PyTorch Guide: Tensors to Production in 2026

TL;DR

  • PyTorch is an open-source deep learning framework built around dynamic ("eager") computation graphs and a Pythonic API. It was first released in January 2017 by Facebook AI Research and now lives under the PyTorch Foundation at the Linux Foundation.12
  • The current stable release is PyTorch 2.11.0 (March 2026), supports Python 3.10 through 3.14, and ships installable wheels with bundled CUDA runtime libraries via pip.34
  • torch.compile is the headline PyTorch 2.x feature — across 165 open-source models in the official benchmark, it produced an average speedup of 20% at float32 and 36% at AMP precision while working on 93% of models tested.5
  • For computer vision transfer learning, use the current weights= API (torchvision.models.resnet18(weights=ResNet18_Weights.DEFAULT)). The legacy pretrained=True parameter has been deprecated since torchvision 0.13 (June 2022).6
  • This guide walks through tensors, autograd, building and training a model, transfer learning with the current API, GPU acceleration, torch.compile, and deployment paths (TorchScript, ONNX, TorchServe).

What You'll Learn

  1. Install PyTorch correctly for CPU or CUDA on a current Python (3.10–3.14) environment.
  2. Work with tensors — creation, arithmetic, reshaping, and moving data between CPU and GPU.
  3. Use autograd to compute gradients automatically and understand how it powers training.
  4. Build neural networks using nn.Module and the nn.functional API.
  5. Load and batch data with Dataset and DataLoader, including built-in torchvision.datasets.
  6. Write a complete training loop with validation, learning-rate scheduling, and gradient clipping.
  7. Do transfer learning with the current torchvision multi-weight API.
  8. Speed up training with mixed precision (torch.amp) and torch.compile.
  9. Deploy a trained model via TorchScript or ONNX, and serve it with TorchServe.
  10. Troubleshoot the common failure modes (CUDA OOM, device mismatches, mode bugs, vanishing gradients).

Prerequisites

You should be comfortable with Python (functions, classes, imports, virtual environments) and have at least skimmed NumPy. You don't need a math PhD, but knowing what a vector, matrix, derivative, and chain rule are will make autograd feel intuitive rather than magical.
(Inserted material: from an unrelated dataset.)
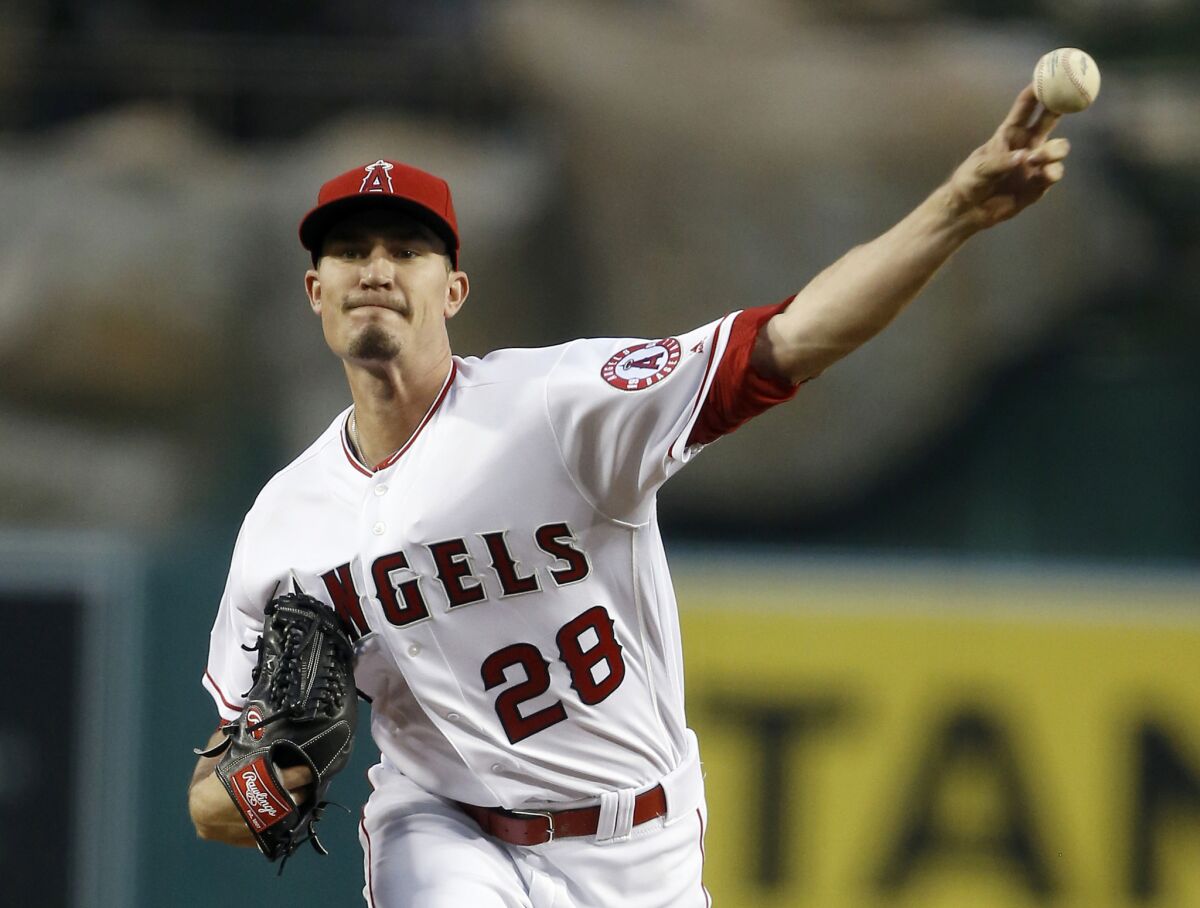 Angels starting pitcher Andrew Heaney delivers a pitch against the Chicago Cubs on April 5, 2016, his only game last season.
For hardware: a CPU-only laptop is fine for the examples in this guide. To do real training at scale, you'll want an NVIDIA GPU with a recent driver — PyTorch's pip wheels bundle the CUDA runtime libraries so you don't need a separate system-wide CUDA Toolkit installation, only a compatible NVIDIA driver.4

PyTorch grew out of the older Lua-based Torch framework. Facebook AI Research (now Meta AI) ported the core ideas to Python and released PyTorch 0.1 on January 19, 2017.12 Two design choices set it apart from contemporaries: dynamic ("define-by-run") computation graphs that build as your Python code executes, and a deliberately Pythonic API that maps cleanly to NumPy.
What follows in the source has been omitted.